Related tags Jennings Marston Brewing Beer

Protz: humble pie
Protz: humble pie
When Marston's bought Jennings in 2005, many said the Lakeland brewery was doomed. Far from it…

One of my favourite Gershwin songs is called They All Laughed and the clever lyric tells how people scorned the likes of Columbus, the Wright Brothers who built the first plane, and even Hershey and his chocolate bar — who all proved their detractors wrong. It's time for a new verse along the lines of: "They all laughed at Jennings and his brewery, they said Marston's wouldn't let him survive..."

When national giant Marston's added the Lakeland brewery to

its copious portfolio in 2005, the brewing industry agreed with one voice that Jennings would be marked for closure. The reasons were simple, the wiseacres said: "Marston's only wants the pubs. The brands aren't well known and the brewery is too remote, miles from anywhere and too far from the motorway network."

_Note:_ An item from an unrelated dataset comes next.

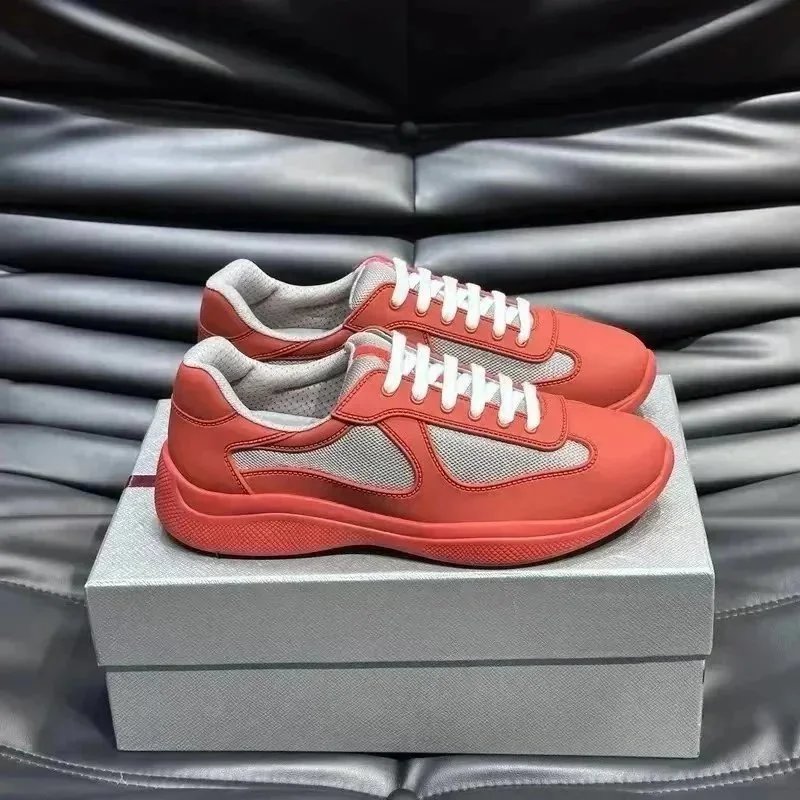 Product view 35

It was a view I went along with. Now, after all the Christmas bingeing, it's good for me to eat some humble pie. Jennings is not only alive and well, but is positively flourishing and glows with the investment Marston's has pumped into the site. The beers can now be found far from Cumbria and are available through Ringwood and Wychwood, other Marston's acquisitions, in the deep south.

Marston's quickly invested a quarter of a million pounds in the Jenning's site. It has since added to that by installing three new fermenting vessels. The site — one of the finest in the country at the confluence of the Cocker and Derwent rivers and at the foot of Cockermouth Castle — now has 15 fermenters and has increased production by 40%.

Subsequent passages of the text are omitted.